The majority of academic economists polled by the Clark Center for Global Markets on behalf of the FT said that, if oil prices were to remain at $100 a barrel, slightly above their current level, US growth will decline markedly.

In another shocking finding, the poll indicated that these economists believed that a significant increase in oil prices would affect the US inflation rate.

As statements of the "bleedin' obvious" go, this article takes some beating. No one needed a PhD in economics to reach those conclusions, though it appears the US administration was unaware of the risk of such events.

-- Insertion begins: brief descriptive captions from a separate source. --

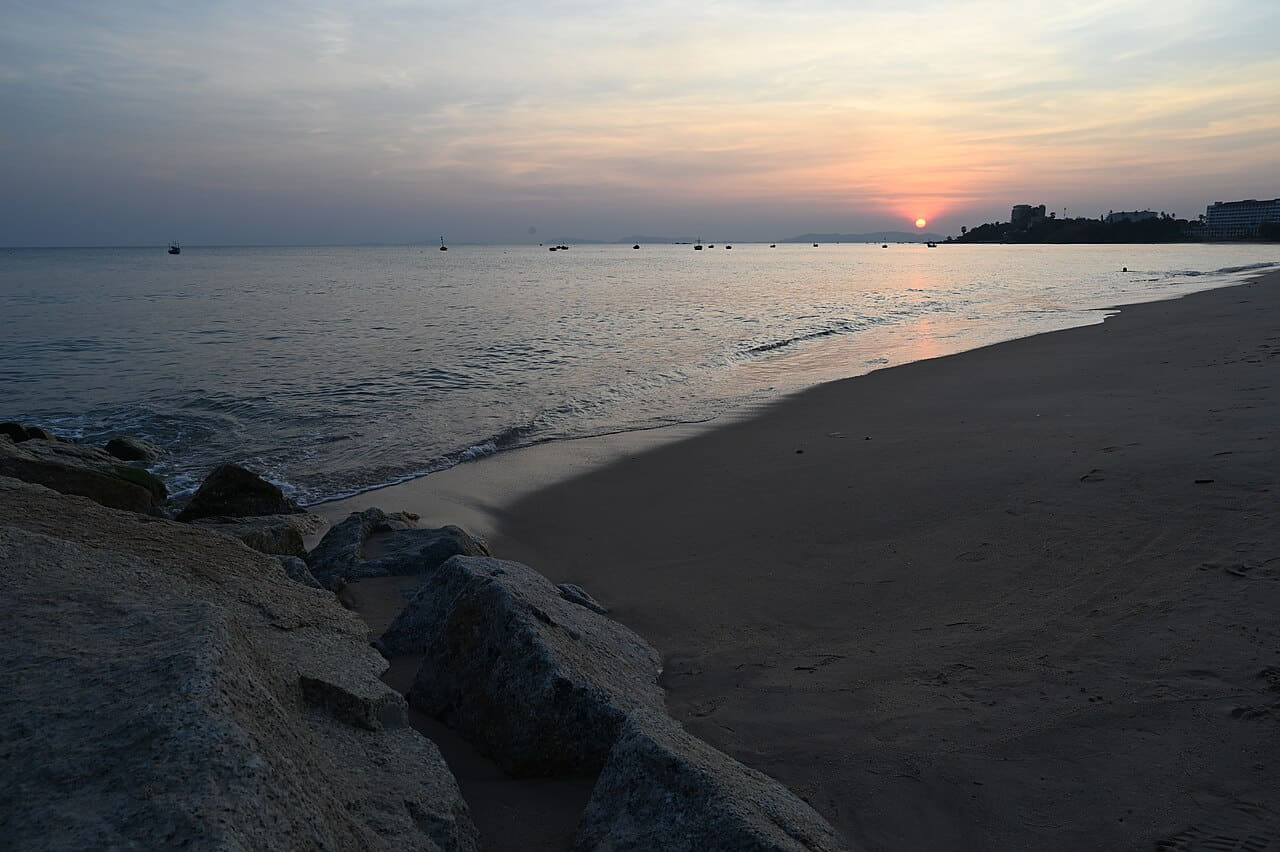 Sunset paints the quiet shoreline in soft pastels… wallpaper in charcoal and charcoal tones, Full HD, 4:3 format for phone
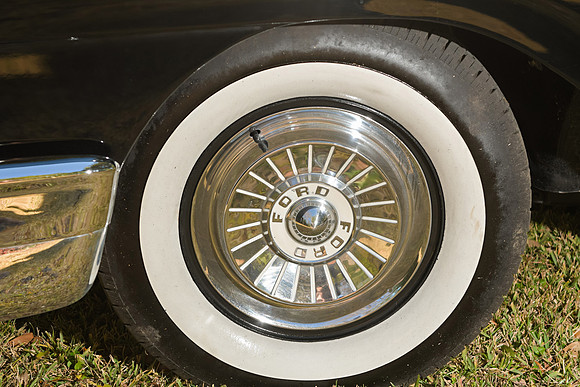 RKPhoto-1957FordFairlane-033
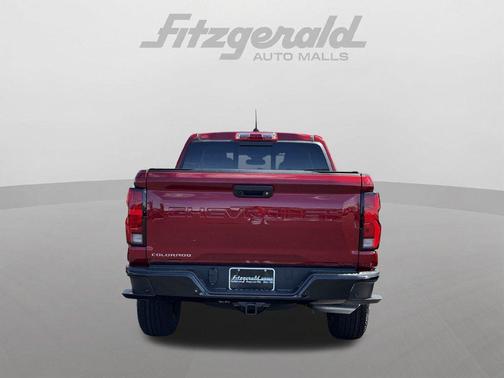 Radiant Red Tintcoat 2026 Chevrolet Colorado Z71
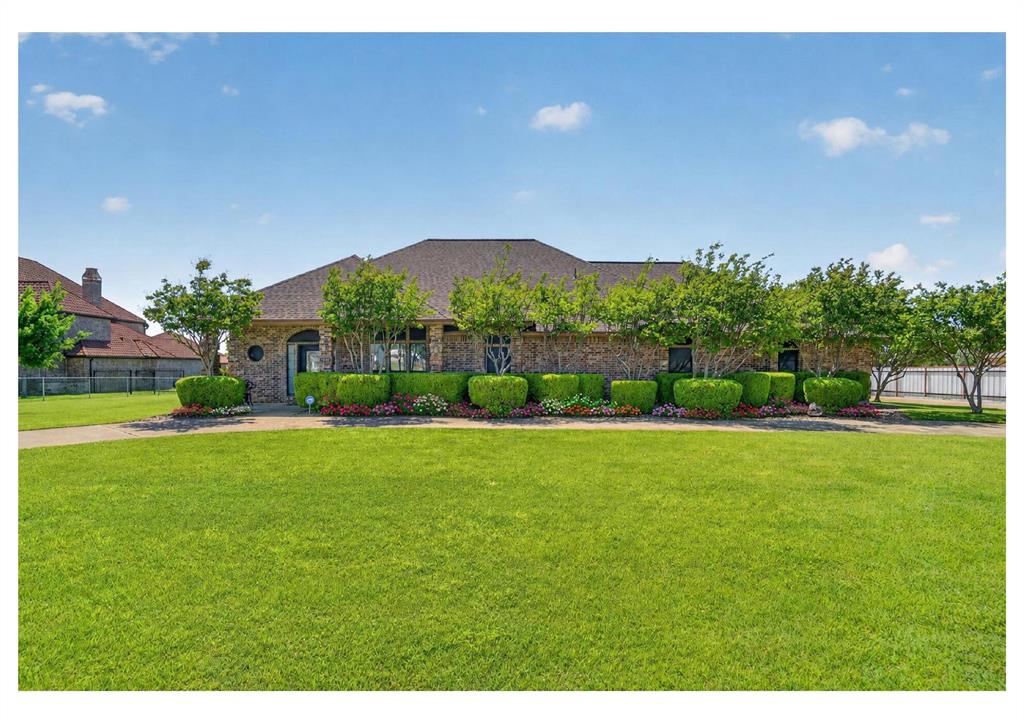 1408 W Cleburne Road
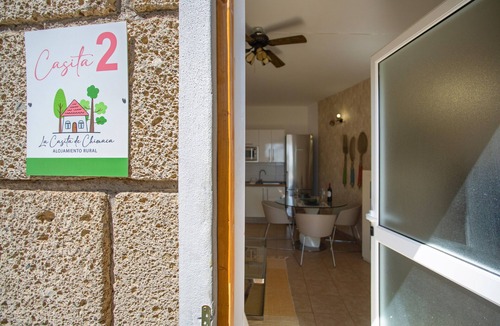 El Madronal House | Vacation Home 'Mi Casita De Chimaca 2' with Mountain View, Wi-Fi and Air Conditioning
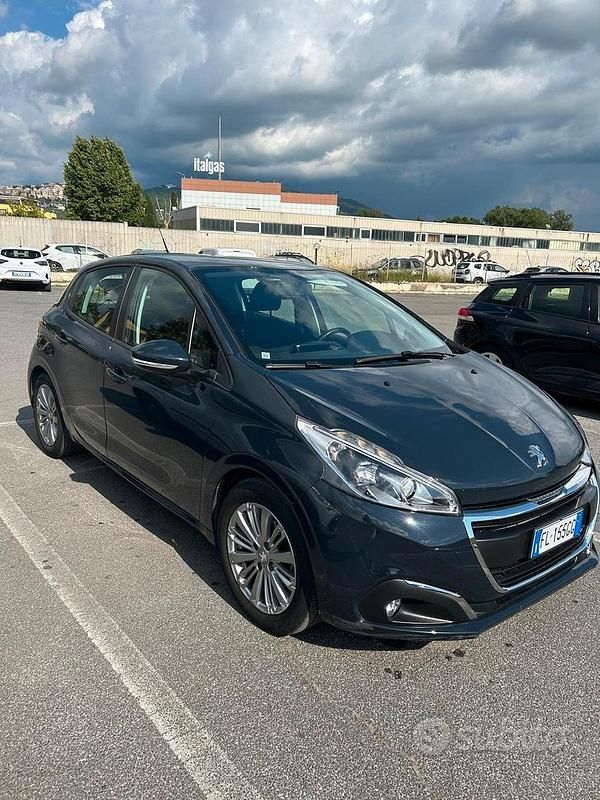 Usata Peugeot 208 2017 Nero Utilitaria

The problem with this report is that, like so much of the news now, it so glaringly obviously misses the point. Supposed research has been put into finding out what is already known or is obvious, but no analysis of the consequences follows.

There is no questioning of what strategy might be adopted to deal with the situation, beyond suggesting that the Fed is now unlikely to cut interest rates. Doom and gloom is spread, and there is plenty enough of it to go around, but how the problem might be solved by, for example, by ending the war, changing taxes, creating Federal support programmes, releasing more oil reserves, or even, in the case of the USA, by blocking oil exports so that production may be diverted to domestic markets at government controlled prices; none of that is mentioned.

It is this absence of critical thinking in our media which I find so worrying at present, and an explanation for why so many people are alienated by the news.

Why, What, When, Where, Who, and How are the questions that the media is meant to answer? I would also add "Next". Right now, it seems that the media has forgotten to ask why, and it has certainly forgotten to ask the "what's next" question, and that is the one that everybody wants to know about.